Of course, his victory announcement was premature and a few days later, he needed a bigger justification for the catastrophe. It was then that he started claiming that the Russians moved first. “‘I am sickened by the speculation that Georgia started anything,’ Mr Saakashvili told a conference call with journalists days later on August 13. ‘We clearly responded to the Russians . . . The point here is that around 11 o’clock, Russian tanks started to move into Georgian territory, 150 at first. And that was a clear-cut invasion. That was the moment when we started to open fire with artillery, because otherwise they would have crossed the bridge and moved into Tskhinvali.’”

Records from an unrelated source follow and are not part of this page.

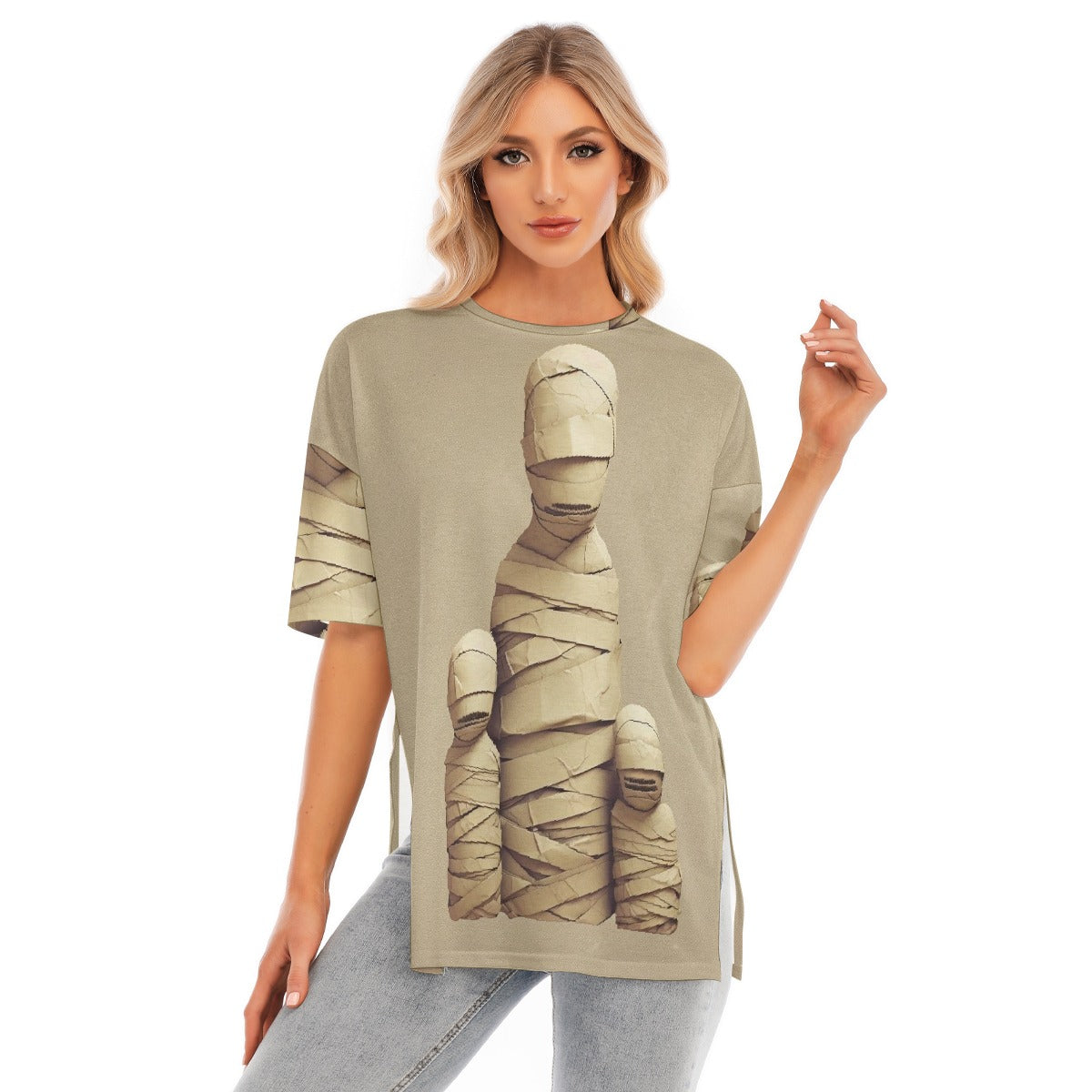 All-Over Print Women's Short Sleeves T-shirt With Hem Split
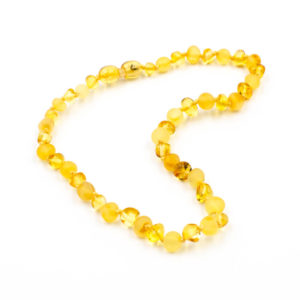 Collier Ambre Bébé Perles Rondes Duo Citron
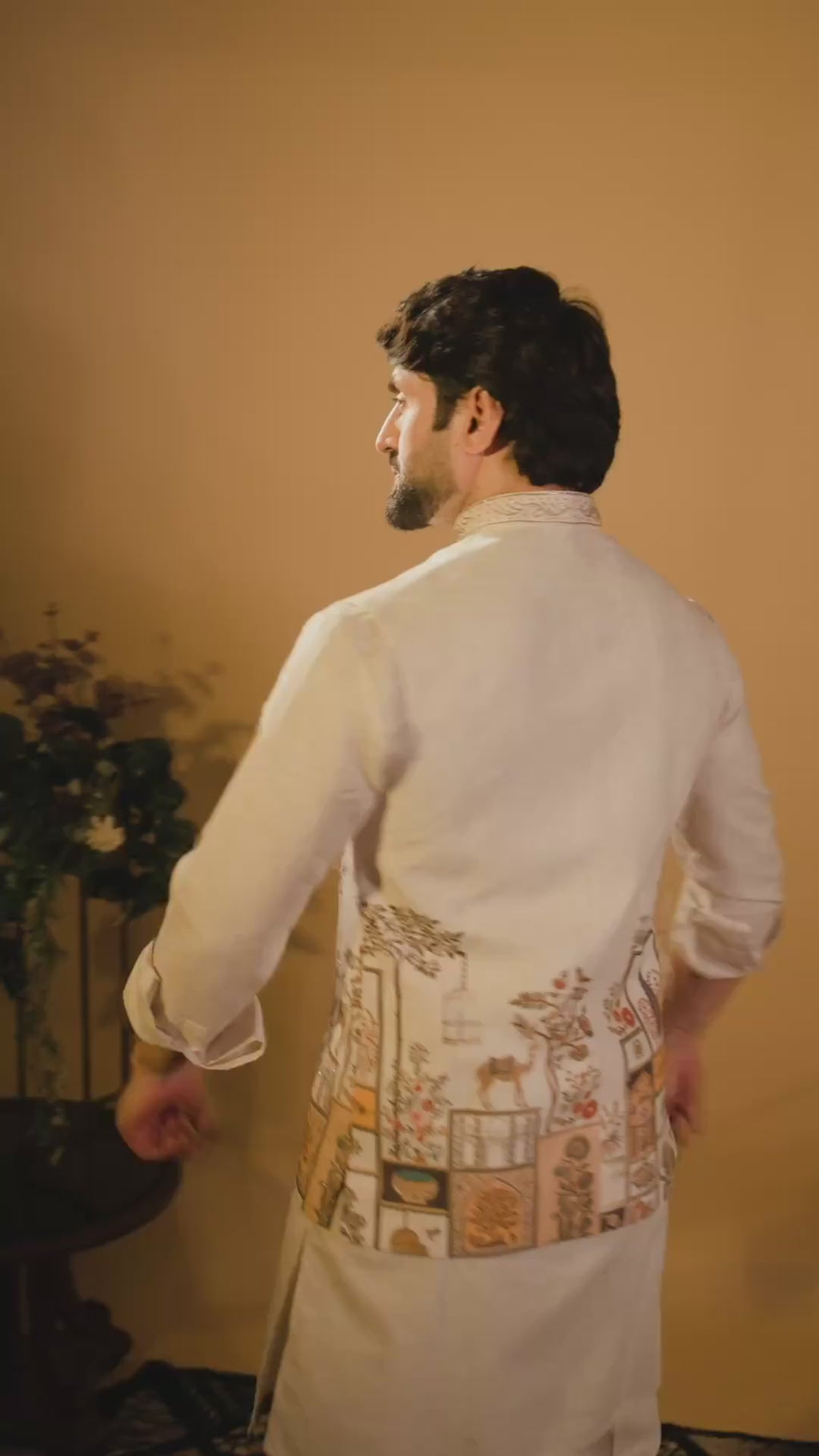 Maharana Beige Floral Embroidered Jacket Set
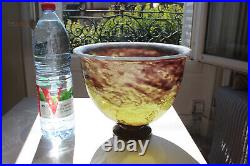 DAUM NANCY Vase coupe monumental pâte de verre décor paillettes or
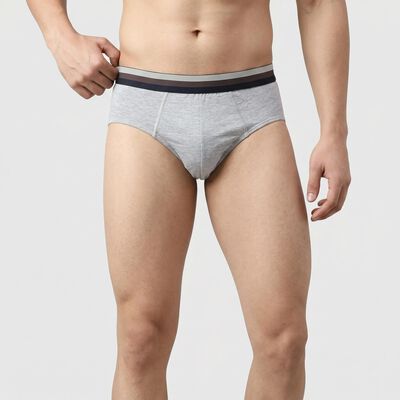Men's Grey Regular Fit Solid Briefs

Then the story changed again: on 23 September in a piece he wrote in the Washington Post, he claimed that “Russia then started its land invasion in the early hours of Aug. 7, after days of heavy shelling that killed civilians and Georgian peacekeepers.” He expected his readership to believe that the Russians had had an 18-hour head start on a 60-kilometre race and that Georgia had invaded anyway. Too preposterous and it seems to have been quietly forgotten.

Saakashvili’s stories are collapsing one after the other: the first story about a response to heavy Ossetian shelling is directly contradicted by two former British officers who were part of the OSCE team in the area: they report “Georgian rockets and artillery were hitting civilian areas in the breakaway region of South Ossetia every 15 or 20 seconds” and deny that there was the shelling of Georgia villages that Saakashvili claimed on the 8th.

The second story of the Russians entering South Ossetia just before – “supported” with the laughable claim of an intercepted telephone call which was mysteriously “lost” for several weeks – collapses in the BBC program of a couple of weeks ago (Part 1, Part 2). Americans were finally introduced to the accurate version in the New York Times nearly three months after the war began.